38-year-old female with iris lesion and gradual decrease in vision

Jordan Rixen, MD, Wallace L M Alward, MD

May 11, 2011

Chief Complaint: Iris lesion and vision loss of the left eye

History of Present Illness: The patient was a 38-year-old female who was referred by her local ophthalmologist for an iris lesion and gradual decrease in vision of the left eye. As a child, she had suffered a penetrating injury with a pencil to the left eye that was surgically repaired. She had been stable until about 3 weeks ago, when vision in her left eye started to decrease. She was seen by her ophthalmologist, who noted an obvious iris lesion and sent the patient to the University of Iowa for further evaluation.

Slit Lamp Exam Photo, caption below elaborates

Figure 1: Slit lamp exam photo, left eye. The cornea is thin and almost perforated inferiorly with iris directly beneath the corneal defect. There is a mass that appears to be originating from the posterior iris causing anterior bowing of the iris and iridocorneal touch. The pupil is almost completely obstructed by the mass. (click image for enlargement)

B-scan echography. caption below elaborates)

Figure 2: B-scan echography of the anterior chamber OS shows a 4 x 10 mm round, sonolucent lesion occupying the anterior chamber. (click image for enlargement)

Past Ocular History: Penetrating injury with a pencil to the left eye as a child

Medical History: Noncontributory

Medications: None

Allergies: No known drug allergies

Family History: Noncontributory

Social History: Noncontributory

Review of Systems: All negative

OCULAR EXAMINATION

Best Corrected Visual Acuity (BCVA):

    • Right eye (OD): 20/20
    • Left eye (OS): 20/160

Ocular motility: Full, both eyes (OU)

Intraocular pressure (IOP): 14 mmHg OU

Slit lamp exam (OS): See Figure 1

Course:

Based on history, clinical exam and echography, the patient was felt to have an iris epithelial inclusion cyst. The cyst was considered to be too large to resect. Three days after initial evaluation, there was spontaneous drainage of the cyst. A tectonic corneal graft was placed in the area of the corneal defect. Histopathology of the host corneal button showed epithelial cells overlying the corneal endothelium further supporting the diagnosis. The cyst returned 6 months later. It was again felt to be too large to resect. The cyst was treated with intracystic ethanol irrigation. At postoperative week 7, the patient had 20/20 vision OS with pinhole correction, and the cyst was no longer visible at the slit lamp (Figure 3). On echography there was recurrence of a posterior cyst, although it was smaller than previously noted.

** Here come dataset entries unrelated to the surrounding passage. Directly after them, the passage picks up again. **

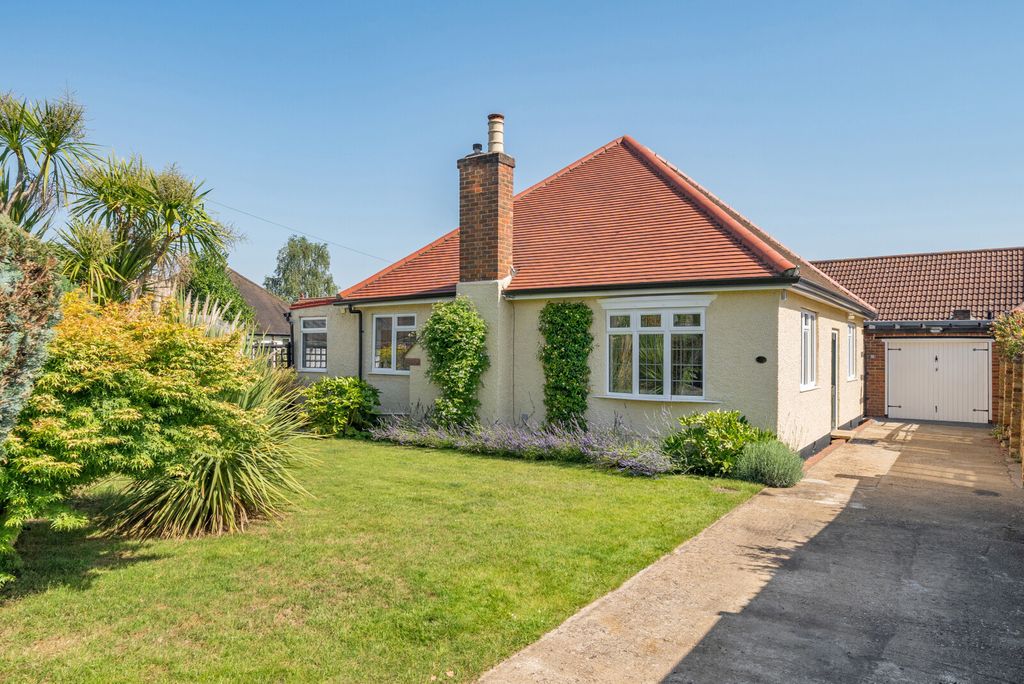 Property photo 1 of 19 1-6A3Becf48Dd6A-1...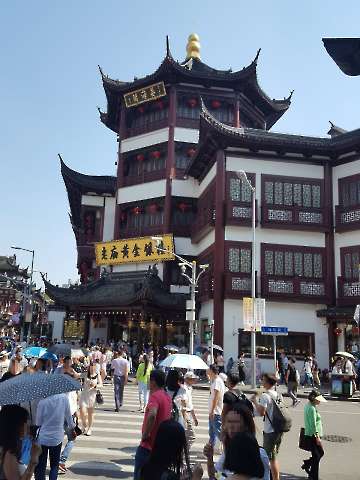 China-2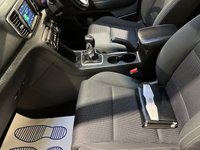 USED 2016 66 KIA SPORTAGE 1.7 CRDi 2 SUV 5dr Diesel Manual Euro 6 (s/s) (114 bhp) 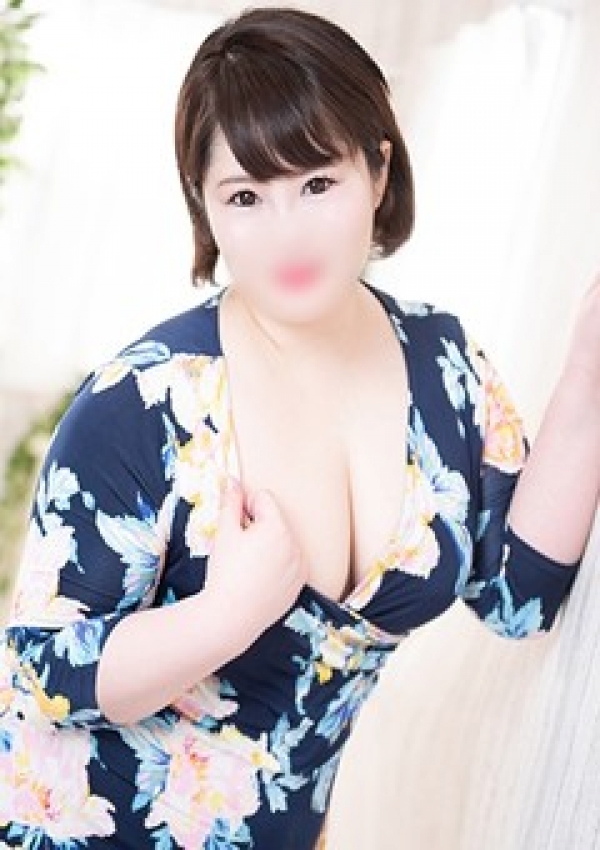 泉、BBW 五反田店 2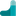 Favicon van jaaprood.nl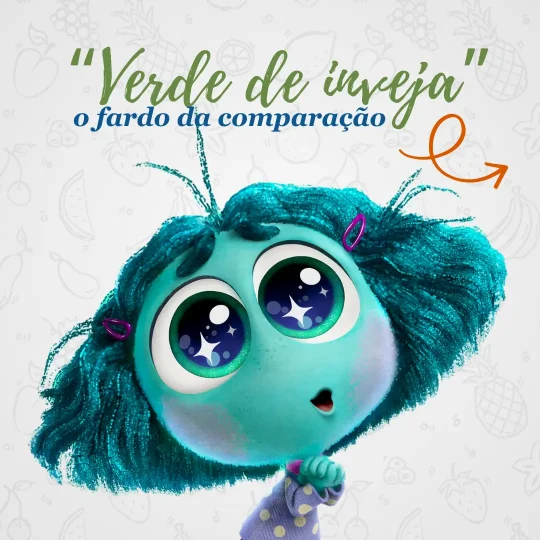 Divertidamente Seletividade Alimentar infantil (2)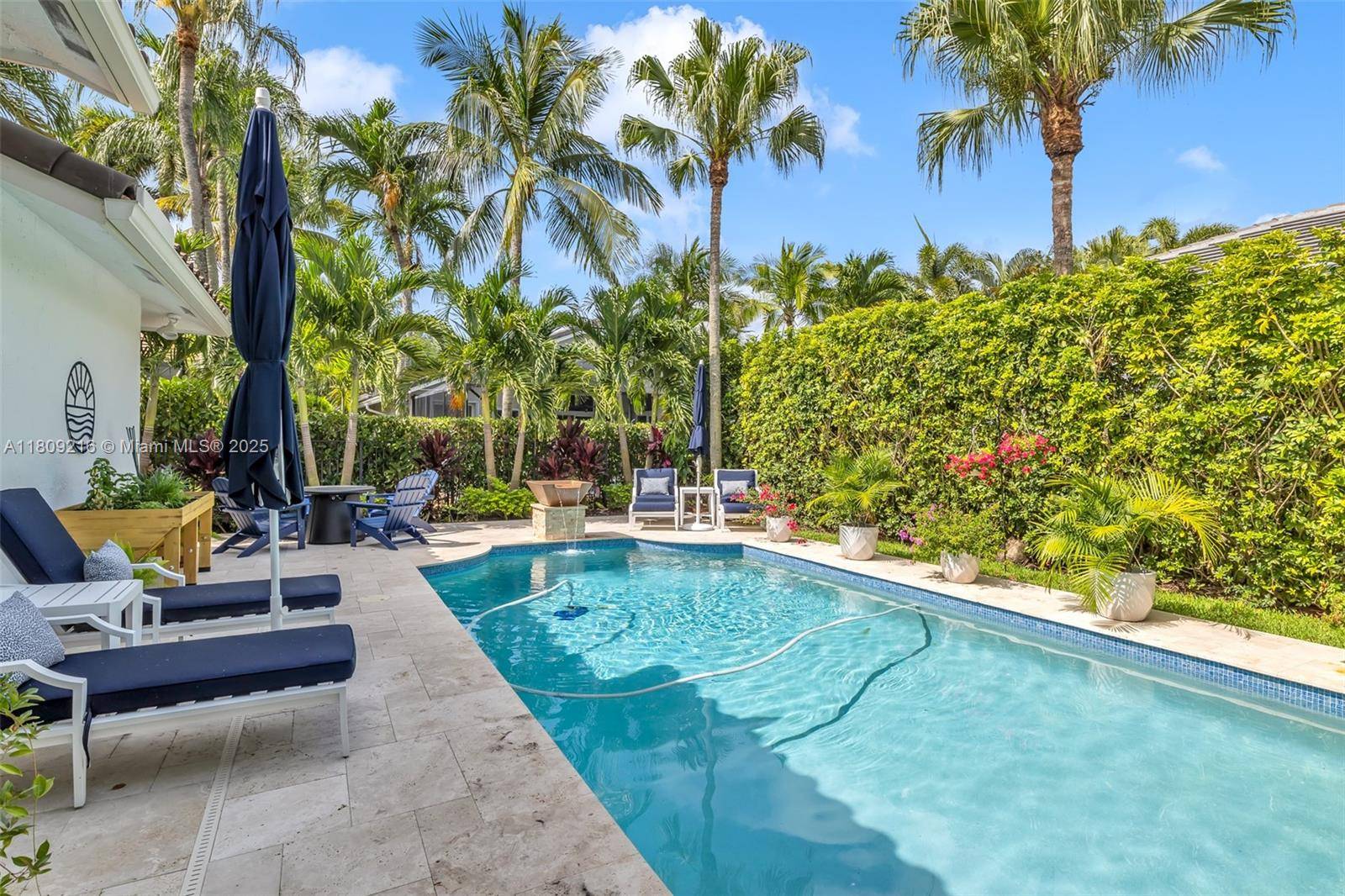 Weston, FL 33326,1220 Iris Court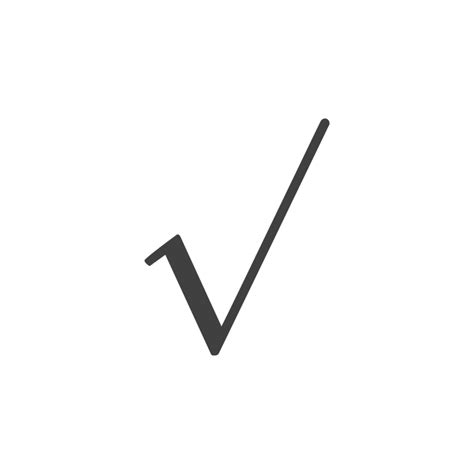 Image result for Move Program Files Folder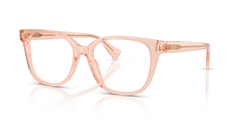 Sonnenbrille Ralph RA7196U 6344 52 17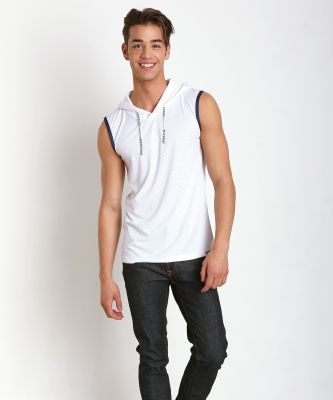 23532 2Scott Gardner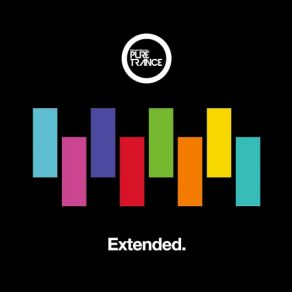 Download track Todo Para Mi' (Extended Mix) Obie Fernandez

Figure 3: Slit lamp photos before (3a) and after (3b) intracystic ethanol irrigation of the epithelial iris cyst. The pupillary opening is no longer obstructed and there is no visible evidence of the cyst. Note the tectonic corneal graft that had been placed previously to repair the corneal defect. (click on image for enlargement)
3a 3b
Figure 3a, described in capption above) Figure 3b, described in caption above)

Discussion

Iris cysts can be classified as primary or secondary. Primary cysts have no known cause and arise from the iris pigment epithelium or stroma. They tend to have a benign natural course, and visual disturbance is uncommon. Pigment epithelial cysts are darkly pigmented and can arise anywhere from the central pupillary margin to the peripheral iris. Pigment epithelial cysts are the most common lesions mistaken for iris melanoma. Ultrasound biomicroscopy is essential in narrowing the differential diagnosis if this is suspected. Pigment epithelial cysts can also dislodge and appear along the anterior iris, in the angle or free-floating in the anterior chamber. Stromal cysts are much less common than pigment epithelial cysts. These cysts are lined with non-keratinized squamous epithelium and have a translucent appearance. They are usually observed in infants and children.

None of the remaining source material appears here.